Exploring Discourses in the Central Rift Valley, Ethiopia

18 February 2023

A metal water hand pump mounted on a concrete bed amongst greenery and shrubs
A metal water hand pump mounted on a concrete bed amongst greenery and shrubs

Manually operated water pumps are the only source of domestic water in some parts of Ethiopia's Central Rift Valley

Authors: Amare Bantider, Bamlaku Tadesse, Adey Nigatu Mersha, Gete Zeleke, Taye Alemayehu, Mohsen Nagheeby and Jaime Amezaga

Abstract: As is the case elsewhere in the world, water governance in Ethiopia is a by-product of a complex set of various global and local socio-political, economic, and ecological discourses and narratives. However, the many competitive and often conflicting discourses on shaping water governance in the Ethiopian Central Rift Valley (CRV) have not been examined and chronicled. This paper investigates the different discourses, narratives, and debates of water governance and their implications for satisfying the growing demand for water. The study was grounded in political economy and political ecology theoretical frameworks.

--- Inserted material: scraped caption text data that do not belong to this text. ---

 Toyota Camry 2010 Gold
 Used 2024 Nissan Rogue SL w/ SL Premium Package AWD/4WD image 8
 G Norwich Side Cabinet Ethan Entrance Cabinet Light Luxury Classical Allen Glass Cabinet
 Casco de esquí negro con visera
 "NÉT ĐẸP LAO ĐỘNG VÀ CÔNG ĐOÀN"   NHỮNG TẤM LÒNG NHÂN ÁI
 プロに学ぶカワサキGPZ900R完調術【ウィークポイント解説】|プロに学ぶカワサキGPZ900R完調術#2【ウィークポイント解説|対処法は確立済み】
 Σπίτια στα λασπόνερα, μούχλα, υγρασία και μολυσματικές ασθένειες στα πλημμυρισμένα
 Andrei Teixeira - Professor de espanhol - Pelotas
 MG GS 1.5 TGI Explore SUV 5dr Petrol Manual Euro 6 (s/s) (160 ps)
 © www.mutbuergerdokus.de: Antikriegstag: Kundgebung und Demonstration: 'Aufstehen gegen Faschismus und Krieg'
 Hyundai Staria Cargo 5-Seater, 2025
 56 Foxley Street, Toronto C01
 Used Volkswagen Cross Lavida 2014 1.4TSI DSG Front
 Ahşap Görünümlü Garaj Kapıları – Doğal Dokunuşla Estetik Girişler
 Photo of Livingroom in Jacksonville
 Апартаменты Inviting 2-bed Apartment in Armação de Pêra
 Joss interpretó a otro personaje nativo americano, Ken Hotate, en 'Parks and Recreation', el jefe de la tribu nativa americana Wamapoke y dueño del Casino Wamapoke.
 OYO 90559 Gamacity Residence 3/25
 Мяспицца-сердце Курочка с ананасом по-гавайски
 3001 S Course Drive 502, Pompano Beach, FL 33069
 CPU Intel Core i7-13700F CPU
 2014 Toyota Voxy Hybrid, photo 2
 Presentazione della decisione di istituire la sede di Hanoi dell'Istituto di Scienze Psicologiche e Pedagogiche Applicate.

Data were collected through literature surveys and intensive fieldwork and were analysed following a discourse analysis and using narrative analysis techniques. The study found that the dominant competing discourses that have greatly influenced water governance in the CRV focus on decentralisation, water-centred development, marketisation, land/water degradation, climate change, water scarcity, and weak water governance. We suggest that the analysis and documentation of the diverse narratives and discourses from multiple perspectives could help to unravel the complex nature of water governance in the CRV and lay the foundation for attempts to implement sustainable water resource management in the region.